A long time ago in a very intense work environment, I had a discussion with colleagues about whether it’s more important to be respected or liked. I chose “liked,” which most of the others felt was the wrong answer. I accepted that judgment for years, but I’m rethinking it now.
Is it possible that people pay more attention to who is telling them a message and how they deliver it than they do to the actual content of the message? Over and over again, I’ve seen people fail—despite the strength of their intellects, skills, and ideas—because for some reason they were not liked.
I have a colleague who feels this is particularly true in nonprofits, where “likeability” seems to be a key factor for success. This can be problematic because the requirements for fitting in and being liked are different everywhere. And it’s enormously frustrating for people who are made to feel like outsiders even when they do an excellent job.

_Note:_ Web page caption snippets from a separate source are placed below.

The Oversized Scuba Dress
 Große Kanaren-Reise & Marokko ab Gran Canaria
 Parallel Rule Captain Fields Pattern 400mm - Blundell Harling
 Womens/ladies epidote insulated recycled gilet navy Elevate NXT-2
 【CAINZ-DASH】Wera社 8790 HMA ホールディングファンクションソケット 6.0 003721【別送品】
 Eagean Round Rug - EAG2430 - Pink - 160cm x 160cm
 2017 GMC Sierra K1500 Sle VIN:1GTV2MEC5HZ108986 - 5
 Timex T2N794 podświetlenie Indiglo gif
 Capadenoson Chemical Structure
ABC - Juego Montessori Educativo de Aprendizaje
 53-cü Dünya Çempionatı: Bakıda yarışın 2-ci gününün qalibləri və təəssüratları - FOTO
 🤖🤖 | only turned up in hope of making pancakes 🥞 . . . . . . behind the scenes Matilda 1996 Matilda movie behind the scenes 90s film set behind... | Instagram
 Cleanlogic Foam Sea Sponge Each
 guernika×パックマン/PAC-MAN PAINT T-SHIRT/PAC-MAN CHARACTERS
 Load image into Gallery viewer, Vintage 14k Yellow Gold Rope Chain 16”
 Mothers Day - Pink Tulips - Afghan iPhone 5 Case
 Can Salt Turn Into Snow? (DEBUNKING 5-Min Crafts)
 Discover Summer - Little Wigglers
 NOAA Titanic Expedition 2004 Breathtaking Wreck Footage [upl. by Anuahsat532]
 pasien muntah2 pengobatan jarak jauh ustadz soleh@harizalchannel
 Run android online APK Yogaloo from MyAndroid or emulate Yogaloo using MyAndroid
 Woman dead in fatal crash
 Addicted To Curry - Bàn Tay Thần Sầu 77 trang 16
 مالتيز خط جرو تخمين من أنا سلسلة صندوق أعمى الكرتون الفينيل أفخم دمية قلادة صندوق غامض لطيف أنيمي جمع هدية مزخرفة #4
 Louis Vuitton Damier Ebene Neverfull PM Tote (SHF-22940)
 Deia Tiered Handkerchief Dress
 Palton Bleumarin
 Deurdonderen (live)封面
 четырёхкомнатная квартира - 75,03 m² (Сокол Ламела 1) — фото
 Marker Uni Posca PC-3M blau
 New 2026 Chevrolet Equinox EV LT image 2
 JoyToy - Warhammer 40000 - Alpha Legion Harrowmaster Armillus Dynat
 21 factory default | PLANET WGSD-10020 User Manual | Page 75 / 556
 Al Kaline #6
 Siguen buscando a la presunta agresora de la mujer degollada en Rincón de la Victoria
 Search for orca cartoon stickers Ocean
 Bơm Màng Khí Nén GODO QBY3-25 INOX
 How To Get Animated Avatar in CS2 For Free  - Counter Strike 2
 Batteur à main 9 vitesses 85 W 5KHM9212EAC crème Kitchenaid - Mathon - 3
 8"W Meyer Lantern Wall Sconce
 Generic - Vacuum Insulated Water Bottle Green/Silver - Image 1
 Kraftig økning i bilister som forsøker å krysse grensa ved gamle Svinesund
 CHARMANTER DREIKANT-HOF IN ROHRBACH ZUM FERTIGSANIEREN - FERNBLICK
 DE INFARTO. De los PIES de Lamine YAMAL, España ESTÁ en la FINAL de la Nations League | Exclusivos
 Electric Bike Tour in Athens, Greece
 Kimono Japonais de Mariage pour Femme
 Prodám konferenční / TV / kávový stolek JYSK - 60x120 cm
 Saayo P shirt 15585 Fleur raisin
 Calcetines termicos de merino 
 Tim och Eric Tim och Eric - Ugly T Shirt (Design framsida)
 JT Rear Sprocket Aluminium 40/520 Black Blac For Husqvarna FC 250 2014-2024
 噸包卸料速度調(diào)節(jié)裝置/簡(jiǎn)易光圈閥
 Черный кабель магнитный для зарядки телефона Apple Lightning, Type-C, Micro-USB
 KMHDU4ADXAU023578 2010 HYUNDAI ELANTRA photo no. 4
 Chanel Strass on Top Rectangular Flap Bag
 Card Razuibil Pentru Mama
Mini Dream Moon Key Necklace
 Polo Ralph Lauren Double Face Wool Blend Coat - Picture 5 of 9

I’ve also noticed this phenomenon in volunteer groups. People who are well-liked can get the same projects done that completely stymied others who were not as popular. They can bring forth the same suggestions that were previously blocked but have more success in motivating their peers.
Of course, we all know people who succeed without being liked. They consolidate power to get things done, and others submit to the sheer force of their wills. They are the archetypal leaders and successful entrepreneurs. However, I think they are becoming the exception, not the rule.
And from my own experience, I will say that trying the “first like me, then you’ll learn to respect me” method can have a high personal cost. It’s easier to get taken advantage of by others and to become burned out.